La malédiction du trône écarlate

L'heure de la vengeance

C’était un jour comme les autres pour la majorité des korvosiens. Pour trois d’entre eux, toutefois, il avait commencé quelque peu bizarrement… La découverte d’une carte de tourment, annotée en son dos, et inexplicablement apparue parmi leurs petites affaires…


« Je sais ce que Gaedren vous a fait. Il m’a aussi causé du tort. Je sais où il se cache, mais je ne peux pas l’atteindre. Venez chez moi au 3, rue de la Lancette, au coucher du soleil. D’autres comme vous viendront. Gaedren doit affronter son destin et justice doit être faite. »

Gaedren… Gaedren Lamm ! Ce nom résonnait comme le claquement d’une corde d’arbalète pointée vers votre cœur. Une fripouille, un monstre, un tortionnaire. Bien sûr qu’il méritait d’affronter son destin !

C’est pourquoi, sans doute, tous les trois répondirent à l’appel. C’est pourquoi trois inconnus se retrouvaient là, dans cette petite maison du Médian, enfumée d’encens, à attendre que le maître de maison fasse son apparition et leur en dise plus.

En fait de maître de maison, ce fut un varisienne qui passa la porte, s’excusant pour son retard. Tout en s’installant à table avec ses hôtes, Zellara –c’était son nom– avait tiré de son sac un jeu de cartes. Tout en battant celles-ci, elle entreprit de raconter son histoire ; un fils unique tuée par Lamm et ses sbires, et elle, impuissante mais avide de se venger ; la garde inefficace ; le recours au pouvoir des cartes pour trouver d’autres ennemis de Lamm et les rassembler… Elle savait où il se terrait. Elle ne demandait rien que de faire justice.

Eux aussi…

Quelques minutes plus tard, à quelques centaines de mètres de là seulement, ils discutaient de la meilleure manière d’investir la vieille pêcherie qui servait de planque à leur ennemi commun. Le temps que le soleil se couche, et ils avaient fait le tour de leurs idées…

Les aventuries s’assurèrent le soutien des esclaves de Gaedren: “les petites lamm”, puis de nuit pénétrèrent dans la pêcherie avec la ferme intension d’en découdre. Ils affrontèrent un demi-orc, un alchimliste humain ainsi qu’un gnome vicieux. Après un intense féraillage et quelques effets pyrotechniques l’affaire était pliées. Mais pas de Gaedren…

Après une courte –et chaotique– discussion avec les enfants, le groupe apprend que Gaedren a ses quartiers sous les pièces principales de la pêcherie, mais qu’aucun des enfants n’en connaît la disposition. Et pour cause : aucun des enfants descendus n’a jamais été revu par la suite…

Hull prend l’initiative, et propose de passer par le bateau amarré à l’arrière de la pêcherie pour atteindre la cache de Lamm. Joignant le geste à la parole, il ouvre une fenêtre et saute sur le pont de l’embarcation, qui cède sous son poids. Le voilà dans la cale, le fondement trampant dans l’eau salée…

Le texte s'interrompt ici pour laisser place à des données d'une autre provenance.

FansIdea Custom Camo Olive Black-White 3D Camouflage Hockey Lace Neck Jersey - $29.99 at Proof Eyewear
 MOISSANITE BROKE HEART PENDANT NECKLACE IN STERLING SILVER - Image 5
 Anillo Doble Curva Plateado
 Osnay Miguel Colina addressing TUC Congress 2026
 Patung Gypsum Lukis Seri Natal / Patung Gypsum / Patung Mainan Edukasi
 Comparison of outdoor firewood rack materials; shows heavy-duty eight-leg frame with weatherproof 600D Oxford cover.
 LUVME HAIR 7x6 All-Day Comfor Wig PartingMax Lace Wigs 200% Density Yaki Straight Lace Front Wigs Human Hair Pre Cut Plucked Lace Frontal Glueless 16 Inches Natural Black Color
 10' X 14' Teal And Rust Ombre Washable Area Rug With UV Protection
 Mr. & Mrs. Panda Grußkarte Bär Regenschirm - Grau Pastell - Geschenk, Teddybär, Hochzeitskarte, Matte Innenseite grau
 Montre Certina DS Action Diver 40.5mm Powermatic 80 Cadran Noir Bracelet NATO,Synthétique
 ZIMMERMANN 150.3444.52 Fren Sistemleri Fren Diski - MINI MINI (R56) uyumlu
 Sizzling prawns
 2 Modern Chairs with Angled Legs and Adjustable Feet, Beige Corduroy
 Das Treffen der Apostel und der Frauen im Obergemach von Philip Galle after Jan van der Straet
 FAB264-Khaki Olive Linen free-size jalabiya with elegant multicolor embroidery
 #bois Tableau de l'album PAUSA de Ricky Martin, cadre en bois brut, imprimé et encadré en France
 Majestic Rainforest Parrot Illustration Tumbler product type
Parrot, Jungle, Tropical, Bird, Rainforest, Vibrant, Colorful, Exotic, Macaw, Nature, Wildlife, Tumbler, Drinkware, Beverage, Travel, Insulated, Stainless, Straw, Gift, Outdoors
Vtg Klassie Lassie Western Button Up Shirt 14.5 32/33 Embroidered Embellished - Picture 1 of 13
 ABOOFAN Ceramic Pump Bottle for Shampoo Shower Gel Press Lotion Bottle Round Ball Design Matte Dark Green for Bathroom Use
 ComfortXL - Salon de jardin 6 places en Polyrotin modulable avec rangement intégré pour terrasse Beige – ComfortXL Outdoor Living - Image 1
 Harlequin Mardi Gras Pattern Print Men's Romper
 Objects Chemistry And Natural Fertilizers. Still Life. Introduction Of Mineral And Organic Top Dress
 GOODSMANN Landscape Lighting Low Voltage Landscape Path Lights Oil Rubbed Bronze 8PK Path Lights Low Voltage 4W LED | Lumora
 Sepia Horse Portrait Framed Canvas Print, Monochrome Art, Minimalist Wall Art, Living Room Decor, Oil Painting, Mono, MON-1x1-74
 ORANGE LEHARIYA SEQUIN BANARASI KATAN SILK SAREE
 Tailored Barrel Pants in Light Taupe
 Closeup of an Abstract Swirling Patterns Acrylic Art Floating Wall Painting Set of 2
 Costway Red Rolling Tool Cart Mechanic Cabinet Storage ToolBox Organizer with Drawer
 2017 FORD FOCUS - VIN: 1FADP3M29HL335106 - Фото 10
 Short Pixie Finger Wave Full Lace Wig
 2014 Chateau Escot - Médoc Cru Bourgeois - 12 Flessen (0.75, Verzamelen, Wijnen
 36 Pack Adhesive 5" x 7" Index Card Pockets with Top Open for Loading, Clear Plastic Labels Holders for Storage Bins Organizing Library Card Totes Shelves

Les aventuriers finissent par découvrir un ponton passant sous la pécherie, ils y parviennent en glissant le long d’une corde.
Quelques mètres plus loin, au bout d’un pont de bois humide à ras du fleuve, la porte derrière laquelle leur ennemi se terre est ouverte sans plus de cérémonie.

Gaedren semble à peine surpris de voir ses ennemis. Malgré son âge, il semble les reconnaître tous et a même un mot « amical » pour chacun. Par ailleurs, il tient en main une corde, reliée à une poulie du plafond, qui maintient en suspens le corps inerte d’un jeun garçon, à quelques centimètres au dessus de la gueule claquante d’un énorme crocodile… Gobentrailles, le vieux compagnon de Lamm, semble attendre avec impatience que son souper lui tombe en bouche.

Les aventuriers s’avancent vers Gaedren, qui lâche la corde avec un sourire mauvais, précipitant dans le fleuve son prisonnier, dont le corps disparait rapidement emporter par le crocodile, ne laissant qu’une eau rougeatre derrière lui. Le combat s’engage entre Lamm et les aventuriers, le crocodile resurgissant du fleuve, visiblement pas rassasié se joint à la partie.

Lamm n’est plus ce qu’il a pu être, et tombe finalement sous les coups de ses adversaires, Gobentrailles le suit de près dans la mort lorsque Sécoya lui fend le crane de son cimeterre. Aziris plonge dans le fleuve pour tenter de porter secours à l’enfant, elle ne trouvera qu’un cadavre flottant entre deux eaux, lorsqu’elle rejoint ses équipiers elle retient difficilement ses larmes et se sent terriblement coupable de la mort de l’enfant.

Justice étant faite, ils entreprennent de fouiller l’antre de leur ennemi. Le fruit de toute une vie de rapine est entreposé dans le bric-à-brac de cette pièce. De l’argent, mais surtout des dizaines d’objets en piteux état et sans grande valeur, mis à part une broche émaillée de joyaux représentant un diablotin et un pseudo-dragon enlacés.

Il font par ailleurs une bien macabre découverte ; dans une boite à chapeau, se trouve la tête grossièrement embaumée de… Zellara ! Et visiblement, elle est morte depuis quelques semaines. Alors que chacun se perd en conjectures, Ul met la main sur un jeu de cartes du tourment posé juste à côté, ce qui provoque l’apparition d’une silhouette fantomatique : Zellara.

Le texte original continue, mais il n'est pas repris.